The woman would not be easily dismissed and tried again to get my friend's attention to offer her fan. This time she was more persistent, she picked up a rock and threw it at my friend's back. Talk about unlady-like behavior. We all saw her do it, and still couldn’t believe that such a sweet woman was a stone thrower.
Wednesday, August 10, 2011
Uyghurs have a unique tea flavor that they call medicine tea. It is a black tea with cinnamon, cardamom and other spices ( I haven’t asked what those other spices are, because I am very scared they will tell me it is dried snake).
We climbed off the sleeper bus at a small stop along the way. I grabbed a pack of instant coffee to help keep me going. I figured I could just get some boiling water and enjoy a break. I asked around, but all the tea pots were filled with medicine tea.
How bad can it be? I’ve heard of cinnamon coffee… and cardamom is good. I had high hopes that it would taste so good that Starbucks would be knocking down my door for the recipe. Boy was I wrong.
Medicine tea – good
Mix the two together = waste of a perfectly good coffee package and an overall bad start to a long day.
Sunday, August 07, 2011
The three of us made plans to hang out on her day off. We meet up at the front of the international bazaar, a place filled with unique sights and sounds around every corner. The bazaar is filled with dried fruit, bedazzled clothing, musical instruments and other Uyghur trappings.

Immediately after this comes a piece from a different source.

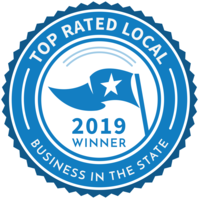 Top Rated Local A blue seal with the words " top rated local business in the state."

My Uyghur friend excitedly asked my American what she would like to do, since we had a little time before dinner. Without really even giving her time to respond, she asked us if we had ever been to Carrefour, a French version of Wal-Mart. She grabbed our arms and proudly marched us passed all the colourful hats and other expressions of a foreign culture, right to the front door of the cheep take off of an everyday standard retail store.
Thursday, August 04, 2011
Monday, August 01, 2011
I was distracted the other day and answered the phone without checking the number. I was really glad I did when I realized it was someone from a government office inquiring about how our business was developing. I proudly announced that all of our paperwork was finished and that we were ready to get down to work. I quickly jumped into my long sob story about going home for just a few weeks to attend my brother's wedding, but having to stay sooooo much longer after I got sick and needed surgery. He seemed to feel sufficiently bad for me to not be to concerned as to why we still hadn't done much business. The conversation turned to lighter matters and he told me I needed a boyfriend to help when I am sick. I tried to laugh off the comment as I began to feel ill at ease about the direction the conversation was going. His follow up question was of course "do you have a boyfriend?" I once again chuckled and mentioned that my business partner would be back soon so we could take care of each other and continue to develop our company.
After successfully ending his chitchat, I sat in the living room recounting the odd discussion with my friends. Before I had even reached the tail end of our bizarre conversation my phone rang a second time.
"Hi" said the voice on the other end. "My name is ____________, I work for the same department of the government as the gentlemen who just gave you a call."
"Hello," I said as I quickly reviewed relevant business words in my head, expecting him to have more specific questions about the speed at which we were developing.
"My co-worker just mentioned to me that you don't have a boyfriend. What about me?"
The total lack of professionalism and inappropriateness of the conversation struck an angry cord in me. "No, I don't have one, and I don't need one either," I said curtly. "I have guests over right now and must go. Bye". I hung up the phone with force and quickly marked his number in my phonebook as 'Do not answer'.